Trump’s tariffs on the solar industry are anti-business, so why is he enforcing them?

It really says something when the one time Donald Trump has been pro-renewable is when he’s seen benefit in it for himself. Last year when he announced that the eponymous wall would be fixed with solar panels, we were struck by how temporarily pro-solar he’d become. Was his spiel about a solar panel wall just mere lip service? Was it the first of a handful of u-turns that would see him come crawling back to the Paris agreement? Obviously not. In the subsequent months, he has rolled back half a dozen of Obama’s climate change regulations, introduced tax reforms that restrict wind and solar energy, and signed off on the construction of the Keystone XL and Dakota Access pipelines.

Trump’s tariffs on the solar industry are anti-business, so why is he enforcing them?

Now, President Trump has conducted the biggest attack on renewable energy in his presidency so far: he’s signed off on a bill that would slap tariffs of as much as up to 30% on imported solar panels.

In the US, solar energy is a massive $28 billion industry. Currently, 80% of the US’ solar equipment is imported from countries like China. By the end of 2016, there were 38,000 jobs in solar manufacturing, but only 2,000 of these jobs were in the production of cells and panels.

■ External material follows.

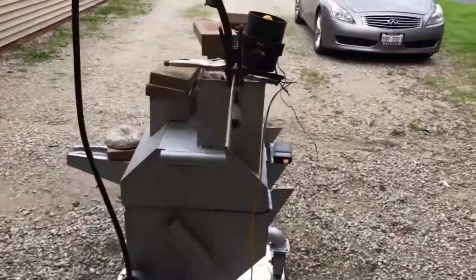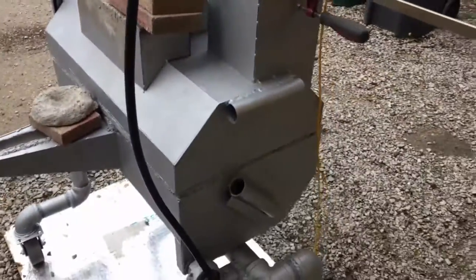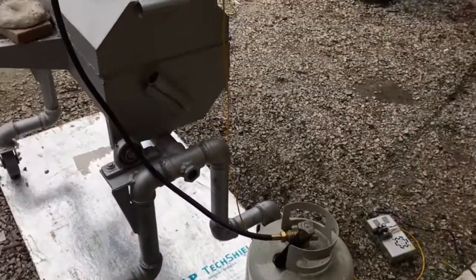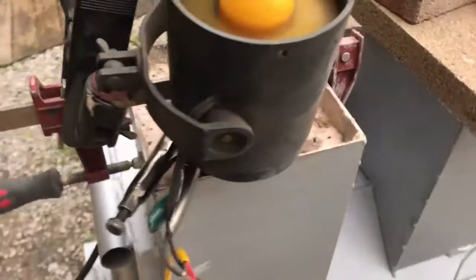Just trying to get this casting set. I'm using propane to fire this cast because it's a lot more controllable — you can control the temperature a lot better. I have a little electric fan hooked up just to add a little forced air.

The tariffs will mean that any solar equipment made abroad and imported into the country will have duty tariffs of up to 30%. The Trump administration argues that it will bring jobs back to the US, but will it really?

“The president’s action makes clear again that the Trump administration will always defend American workers, farmers, ranchers and business in this regard,” Robert Lighthizer, the US trade representative, said in a statement on Monday.

However, for a man who always promotes himself as pro-business, this makes limited sense. According to the Solar Energy Industries Association (SEIA), Trump’s decision is going to kill jobs – not make them, with 23,000 manufacturing jobs to be culled thanks to these tariffs, and the cancellation of billions of dollars in investment.

“While tariffs, in this case, will not create adequate cell or module manufacturing to meet US demand or keep foreign-owned Suniva and SolarWorld afloat, they will create crisis in a part of our economy that has been thriving, which will ultimately costs tens of thousands of hard-working blue-collar Americans their jobs,” said Abigail Ross Hopper, SEIA President and CEO.

When you consider that the coal industry is hardly a booming sector, accounting for just 50,000 jobs in the whole of the US, and that there are 260,000 jobs in the solar industry, it does seem that Trump’s refusal to support the renewable industry is more down to inflexible dogma than reveling in his pro-business credentials.